First, I bought another Milk chocolate bar by Green and Black with almonds. Wow, so good. Rich smooth chocolate taste with a smoky almond crunch. So worth crossing that dark chocolate line in the sand.
Second, I was reading smitten kitten earlier. If you haven't checked them out yet please do, they post some solid recipes. He had just posted this cookie recipe that M. and I made tonight. I didn't alter a thing. The salt is a great addition, it really works with the butter. I purchased the oats at our local market which were great, super fresh. Stale oats are the worst.
Great recipe, I highly recommend it. The cookies are crisp and crunchy with a soft chewy center. 5 to the C!
Anyway, hit the link above to see the recipe on their site or check it out below.
Adapted from Cook's Illustrated
1 cup all-purpose flour
3/4 teaspoon baking powder
1/2 teaspoon baking soda
1/4 teaspoon table salt
14 tablespoons (1 1/2 sticks) unsalted butter, softened
1 cup sugar
1/4 cup packed light brown sugar
1 large egg
1 teaspoon vanilla extract
2 1/2 cups old-fashioned rolled oats
6 ounces good-quality white chocolate bar, chopped (not "white chocolate" chips; they're almost always artificial. I am adamant about this.)
1/2 teapoon good quality flaky sea salt (for sprinkling on top)
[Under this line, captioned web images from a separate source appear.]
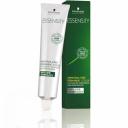 Schwarzkopf Professional Essensity Permanent Hair Color (5-60)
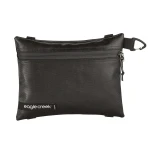 Eagle Creek Gear Pack It Pouch S, kolor: Black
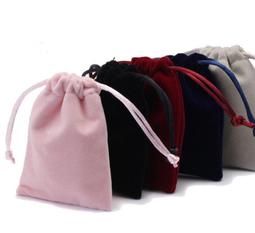 【免運】小黑銀飾批發 925純銀項飾品泰銀民族風雙龍盤十字架吊墜 歷史價格詳細信息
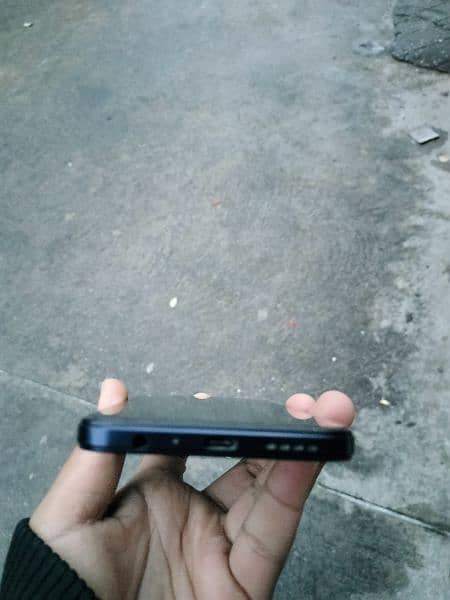 Infinix note 12 8 128 heilo g96 condition 10 by 10 1
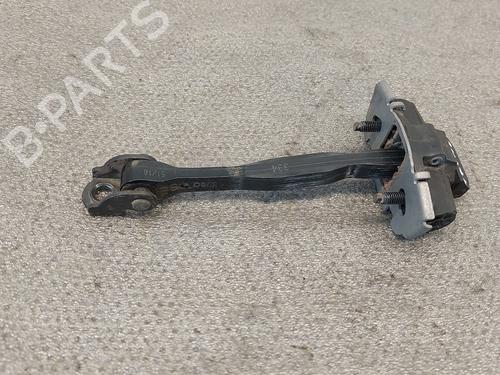 hingedoor-check-strap-fiat-500x-334_-2014-39593628 main image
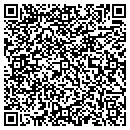 QR code with List Thomas M contacts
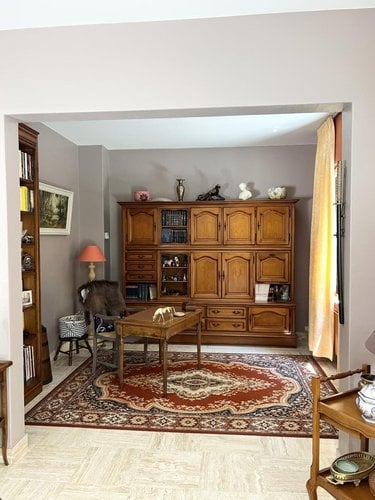 Maison a vendre Marchenoir 41370 Loir-et-Cher 231 m2 6 pièces 609000 euros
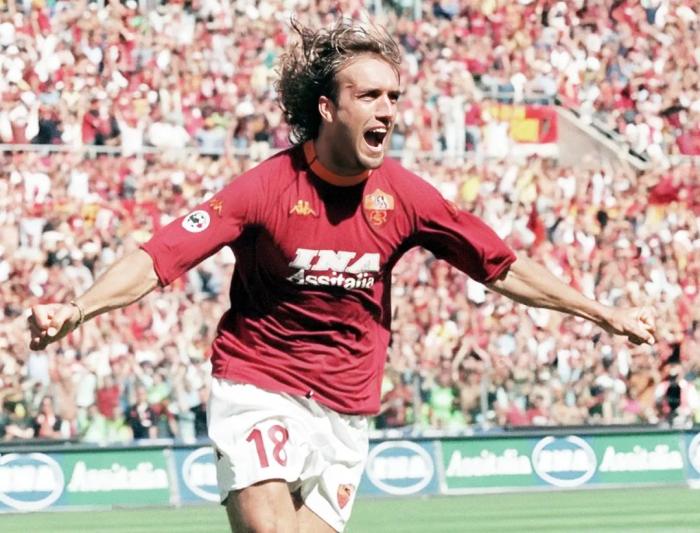 足球岁月记忆完整视频,足球记忆青春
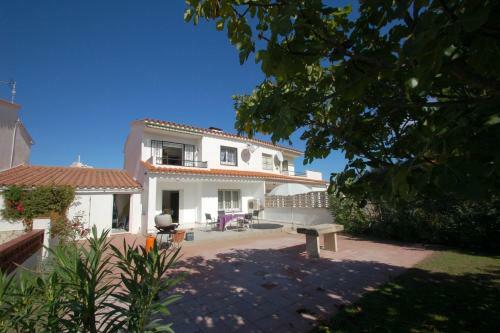 Casa Mamie - Mas Pinell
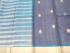 COIMBATORE KORA COTTON SAREE 620 MTS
1. Preheat oven to 350 degrees. Line baking sheet with parchment paper or Silpat. Whisk flour, baking powder, baking soda, and table salt in a medium bowl.
2. Beat butter and sugars until light and fluffy. Scrape down bowl with rubber spatula, then add egg and vanilla and beat until incorporated. Scrape down bowl again. Add flour mixture gradually and mix until just incorporated and smooth. Gradually add oats and white chocolate and mix until well incorporated.
3. Divide dough into 24 equal portions, each about 2 tablespoons. Roll between palms into balls, then place on lined baking sheets about 2 1/2 inches apart. Using fingertips, gently press down each ball to about ¾-inch thickness.
4. Sprinkle a flake or two of sea salt on each cookie
5. Bake until cookies are deep golden brown, about 13 to 16 minutes, rotating baking sheet halfway through. Transfer baking sheet to wire rack to cool.